# DATA EXCERPTS

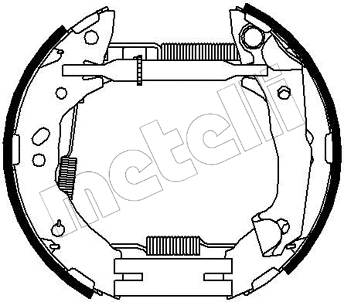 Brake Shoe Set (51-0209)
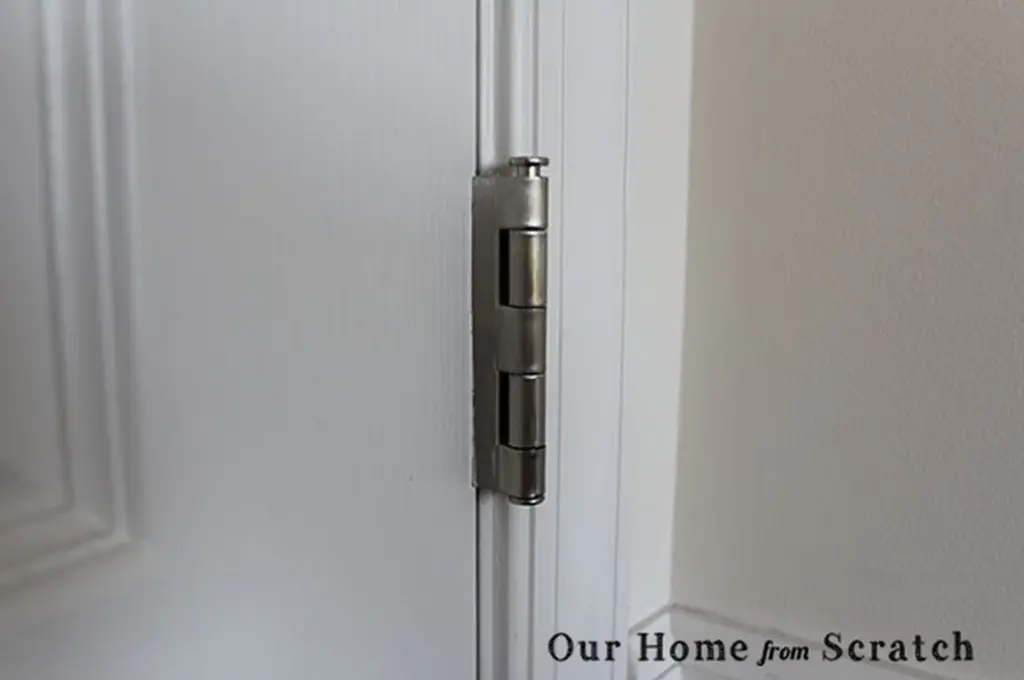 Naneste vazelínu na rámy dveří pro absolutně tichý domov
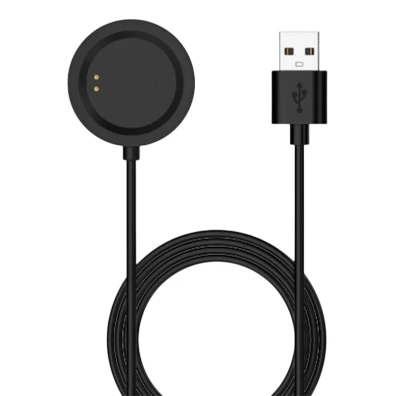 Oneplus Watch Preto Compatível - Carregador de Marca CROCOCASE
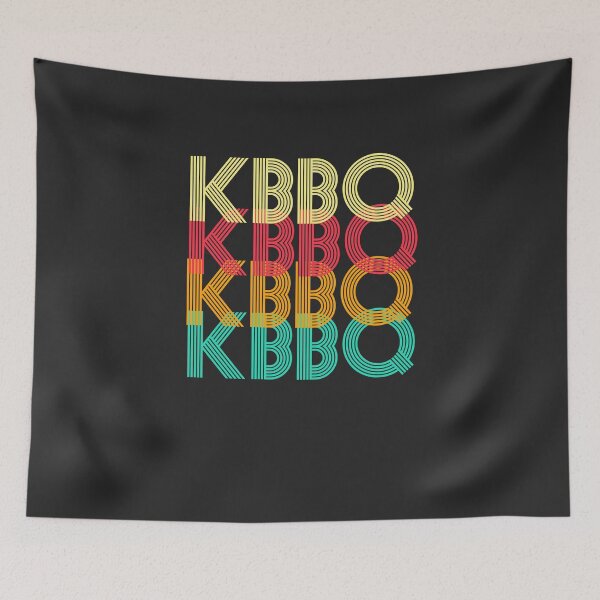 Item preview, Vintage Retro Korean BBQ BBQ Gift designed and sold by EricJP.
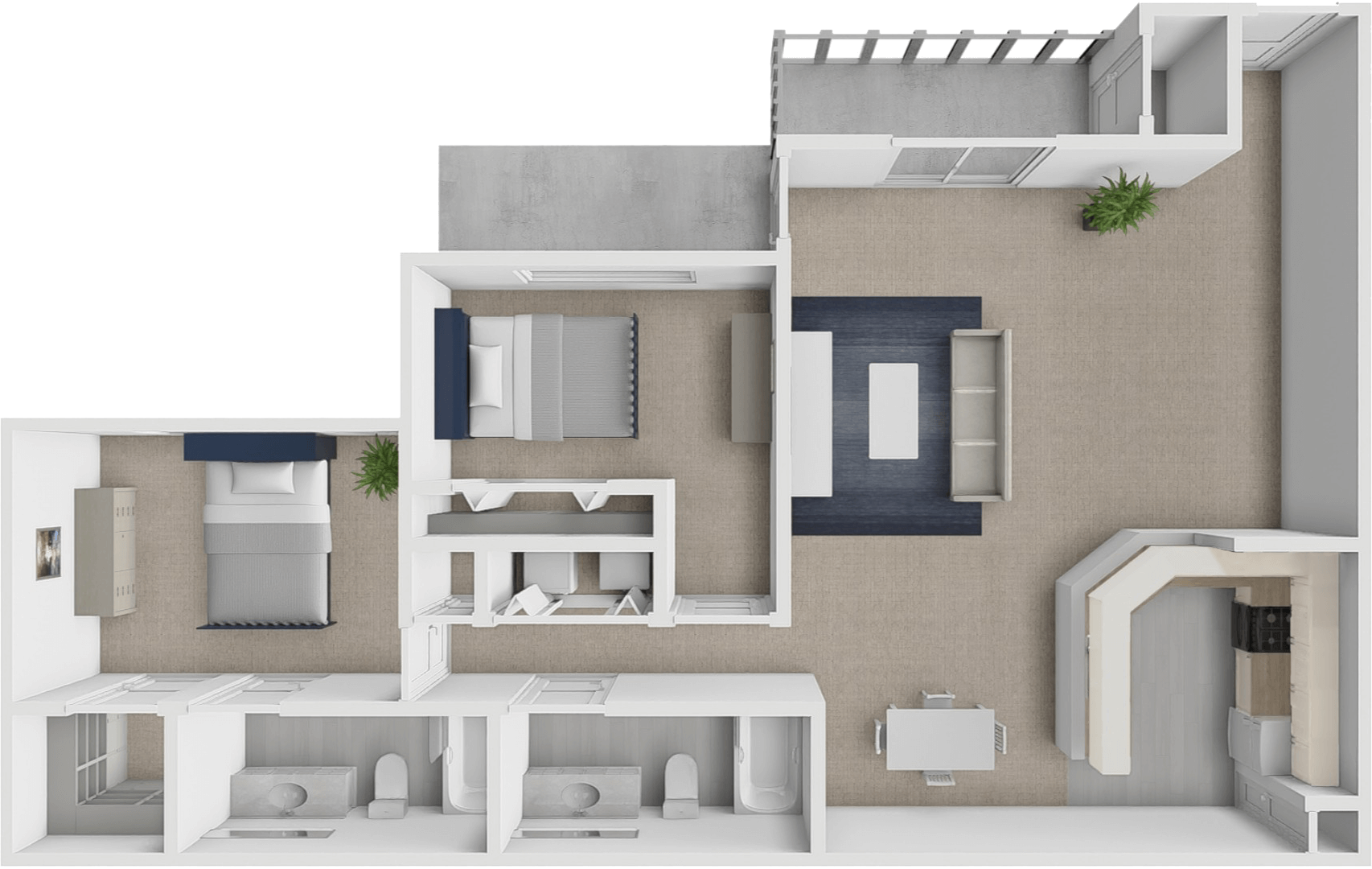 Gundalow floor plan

# YOUR ASSIGNMENT
Please give a word-for-word transcript of the lines from the one holding "Oneplus Watch Preto" through the final line of the entries, both ends kept, with no pictures.

# REPLY
 Oneplus Watch Preto Compatível - Carregador de Marca CROCOCASE
 Item preview, Vintage Retro Korean BBQ BBQ Gift designed and sold by EricJP.
 Gundalow floor plan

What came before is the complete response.